Please print, exactly, only the lines in the entries below from the line that has "Helm für Motorräder" through the line that has "polo领针织坑条修身短袖上衣". Pictures don't go in.

Information supplied:
________________________

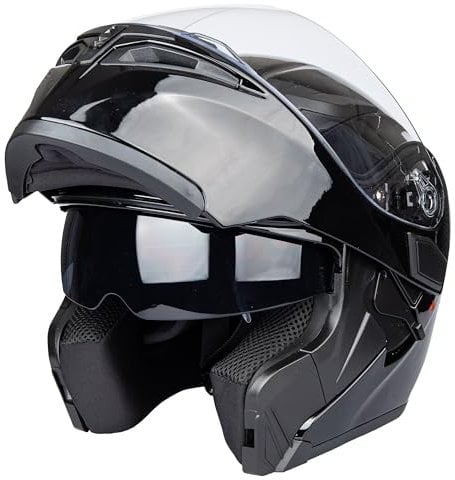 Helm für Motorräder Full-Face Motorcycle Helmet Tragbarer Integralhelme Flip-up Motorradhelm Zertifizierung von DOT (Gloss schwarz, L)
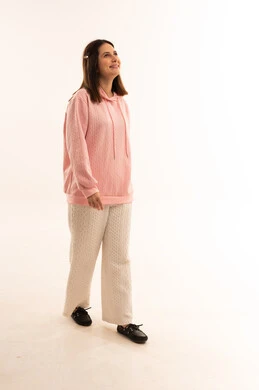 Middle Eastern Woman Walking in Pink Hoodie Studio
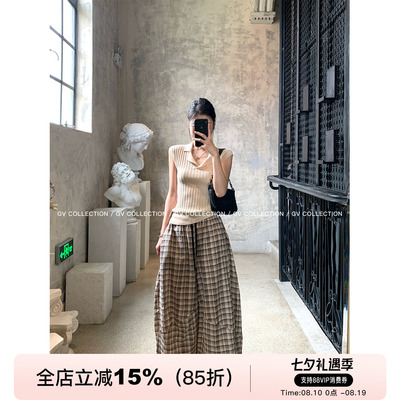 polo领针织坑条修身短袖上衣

________________________

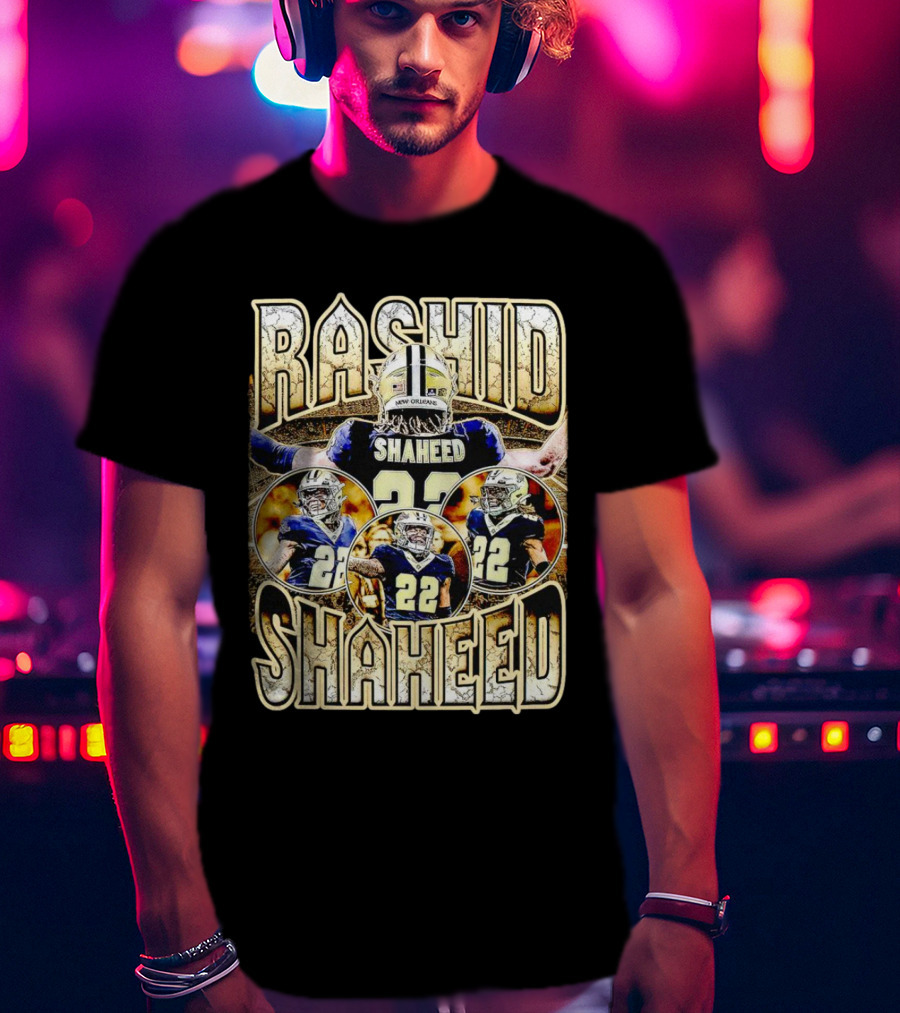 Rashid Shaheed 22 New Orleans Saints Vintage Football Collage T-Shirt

________________________

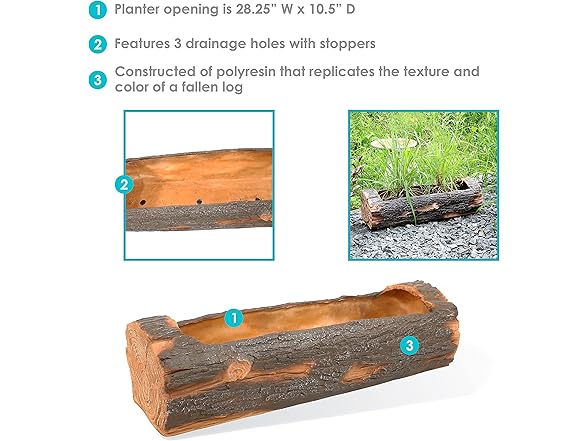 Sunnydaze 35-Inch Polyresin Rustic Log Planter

________________________

Answer box:
 Helm für Motorräder Full-Face Motorcycle Helmet Tragbarer Integralhelme Flip-up Motorradhelm Zertifizierung von DOT (Gloss schwarz, L)
 Middle Eastern Woman Walking in Pink Hoodie Studio
 polo领针织坑条修身短袖上衣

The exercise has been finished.